# Pneumatic Flying Witch



## Slanks (Feb 21, 2009)

Last year, on Halloween, I had to run to Lowes in the morning. They had their remaining Halloween items marked down 90% and I was able to pick up a witch prop dirt cheap.

Here's a video of her made into a flying witch using a 4 bar frame similar to what I usef for my Grim Reaper.

When triggered, she lets out a cackle, starts rising several feet into the air and smoke comes from her broom.

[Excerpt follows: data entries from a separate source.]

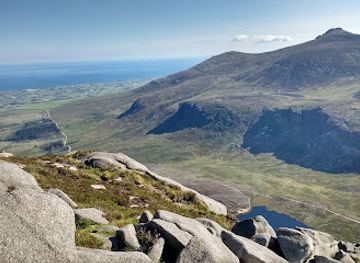 ireland/mourne-mountains/landmark/slievelamagan
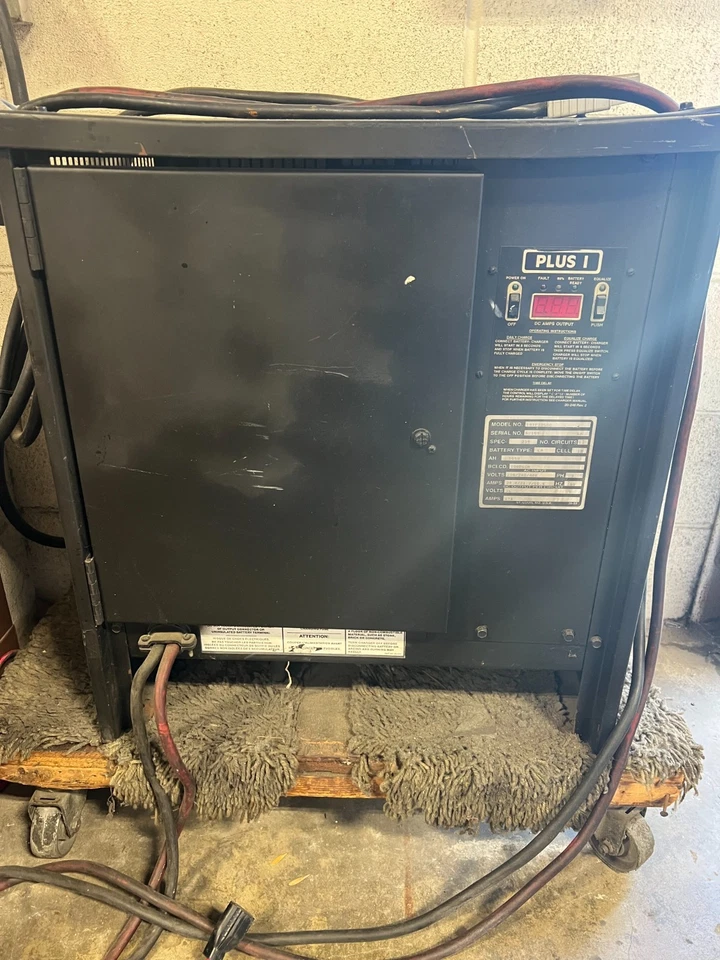 Carretilla elevadora eléctrica de pie Raymond Dockstocker DSS-350TT 3500 lb. Tapa. 36V Foto 4 de 4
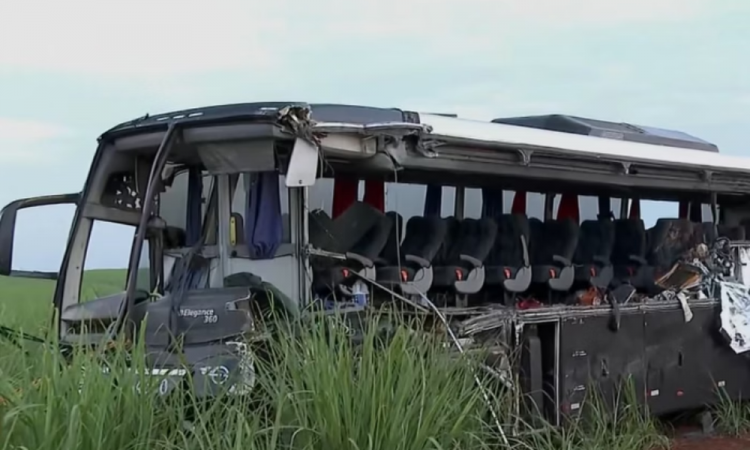 Vítimas de acidente de ônibus em no interior de SP tinham entre 17 e 26 anos; veja lista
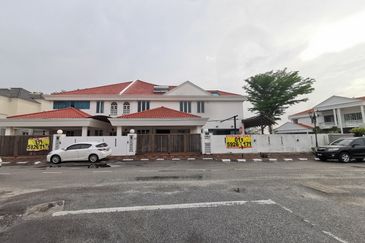 Jalan Puncak Perdana 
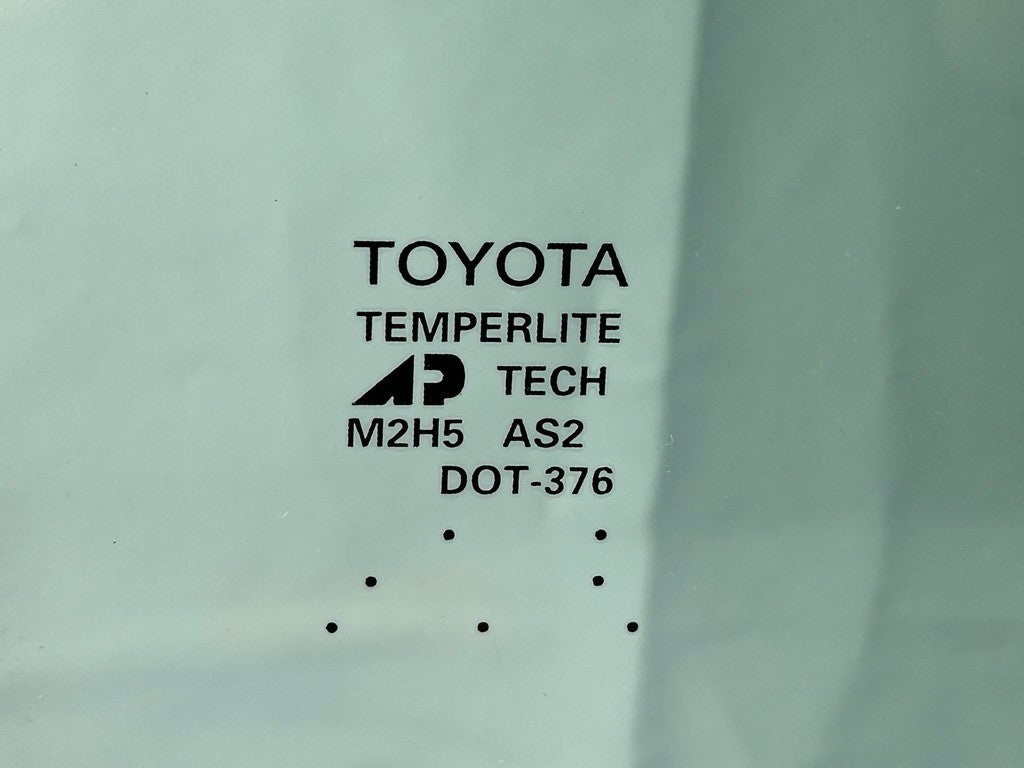 2001-2007 Toyota Sequoia Right Front Door Window Glass OEM
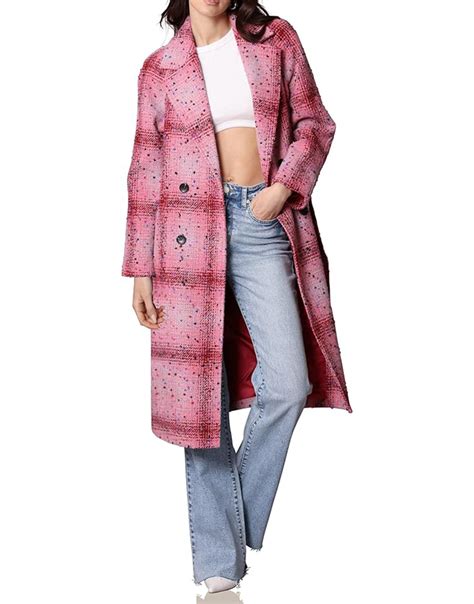 Unprisoned S02 Kerry Washington Pink Coat Paige Alexander Pink Coat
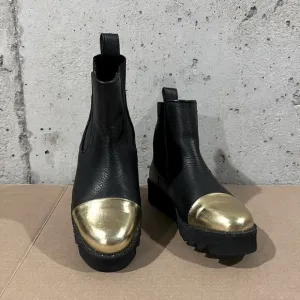 Stine Goya Black With Gold Toe Small Platform Ankle Boots - Size 37 Euro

It has been a hit this year.


----------



## The Pod (Sep 15, 2009)

Killer!!!!! Can't wait to come out and see it!


----------



## Palmdale Haunter (Mar 3, 2012)

Great prop!


----------



## Lunatic (Oct 3, 2006)

That's great!
Nice combination of sight and sound.
Good work!


----------



## Slanks (Feb 21, 2009)

Thanks! She was one of the most popular props this year with both the adults and the children.


----------



## kprimm (Mar 14, 2009)

Love her, great job. I can see why she was a hit!


----------



## deadSusan (Jun 26, 2013)

That is brilliant! Well done.


----------



## The-Hog-Flu (Oct 21, 2013)

Wow! That's really cool.


----------